Een dubbele gelijkenis met Du Bos loopt in het oog: het meest intense leven is, voor beiden, sterven-en-verrijzen; voor beiden komt, in de menselijke bedrijvigheid, de literatuur vooraan. Sterven-en-verrijzen. Voor den ene komt en gaat de mens van het leven naar het leven, van God naar God; voor den andere van dood naar dood, van het niets naar het niets. Het aardse leven is, in de eeuwige zee, een eilandje van sterfelijkheid, - of het is, even, een half-doorbrekende ster in den ondoorgrondelijken nacht.
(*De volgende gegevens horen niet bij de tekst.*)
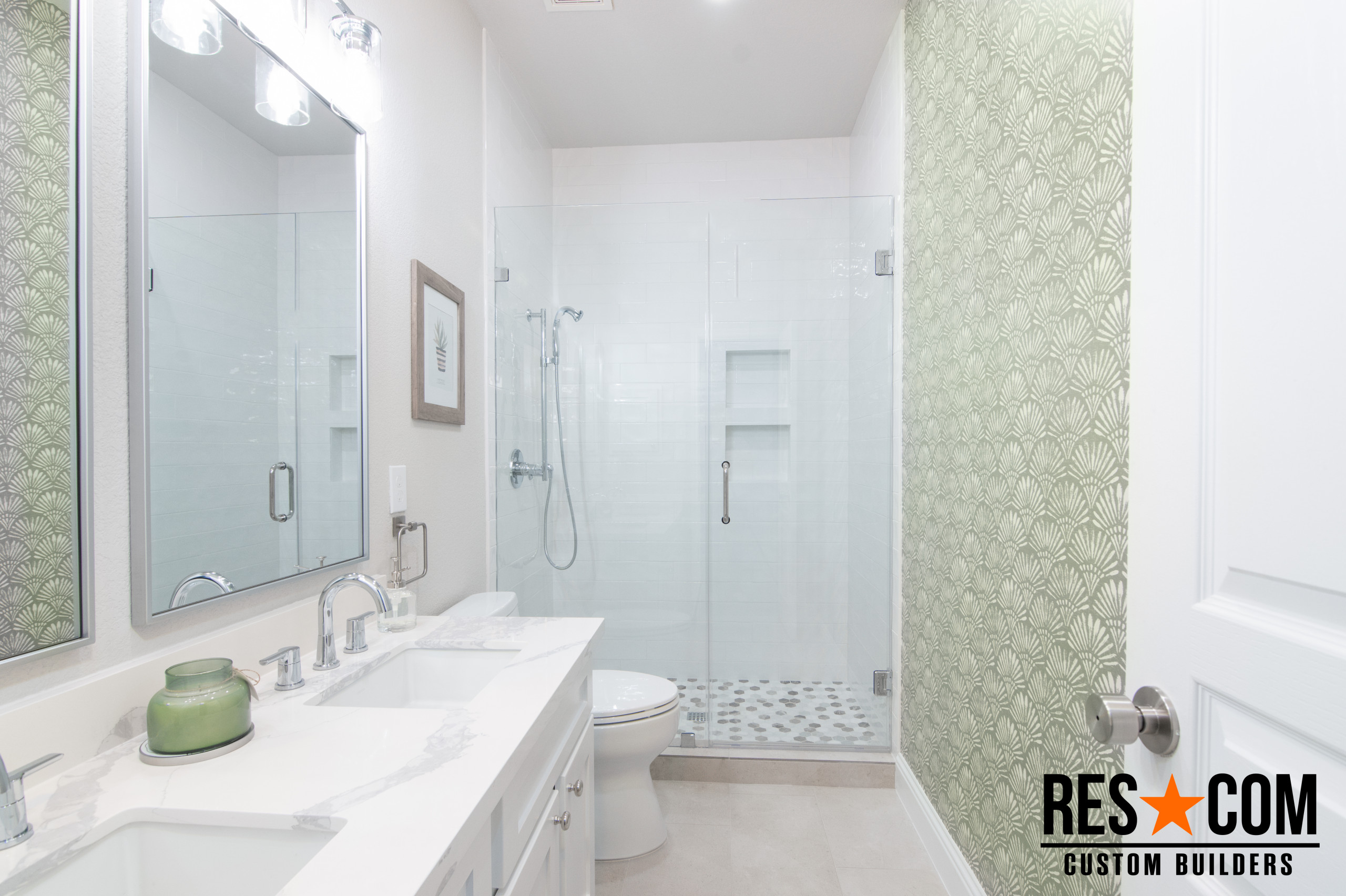 Crescent Spur - Bathroom Remodel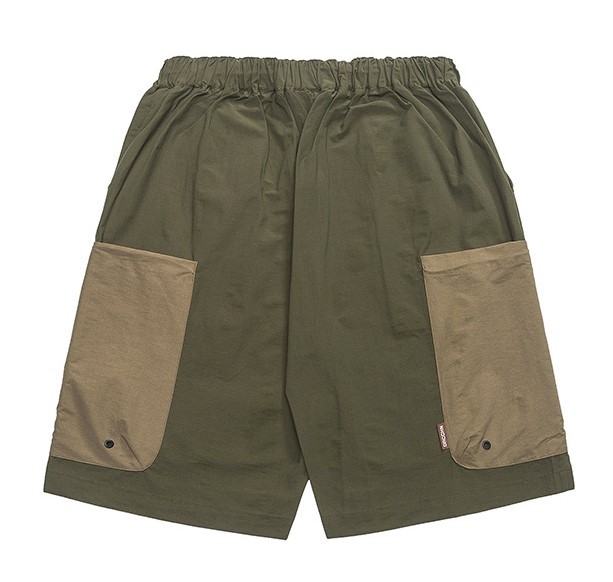 Loose casual fashion trend shorts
Voor den ene sterven wij om te leven; voor den andere kampen wij, wanhopig, met den onverwinnelijken dood. De ene ademt in de levende liefde; de andere put vernielend zich uit in trots en haat. En toch ligt in beider opvatting een diepe gelijkenis: alleen de held leeft groot en diep; alleen nabij en door den dood wordt het leven waardevol en persoonlijk. Zo volstrekt en beslist plaatsen beiden de literatuur vooraan, dat menig nuchter burger van dweepzucht, gezichtsbedrog of beroepsmisvorming zou gewagen; doch de ware humanist begrijpt. In de kunst idealiseert zich, het eerst en het best, zuiverder, hoger, wonderbaar, het als vereeuwigd leven, - en in het midden der kunsten, als meest omvangende, als machtigste en rijkste, staat de literatuur. Haar belang en plaats zelf verbinden ze allernoodzakelijkst met de heldhaftigheid: het meest intense, het transformerende bestaan. Altijd echter blijft ze functie. Wie ze dan, in en om zichzelf, van een consequente godsdienstigheid of goddeloosheid zou losmaken, erger dan Sartre zou hij ze ontheiligen en schenden. Het gehele leven zou hij ontwrichten en schenden; hulpeloos en hopeloos werd het ontkracht en ontluisterd. Het ware leven is dan het heroïsche; daarin neemt de literatuur de allereerste bediening waar. Laat verder Du Bos en Sartre lijnrecht tegenover elkander staan; met dezen verwanten grondslag kunnen hun stellingen niet meer met elkander in tegenspraak genoemd worden.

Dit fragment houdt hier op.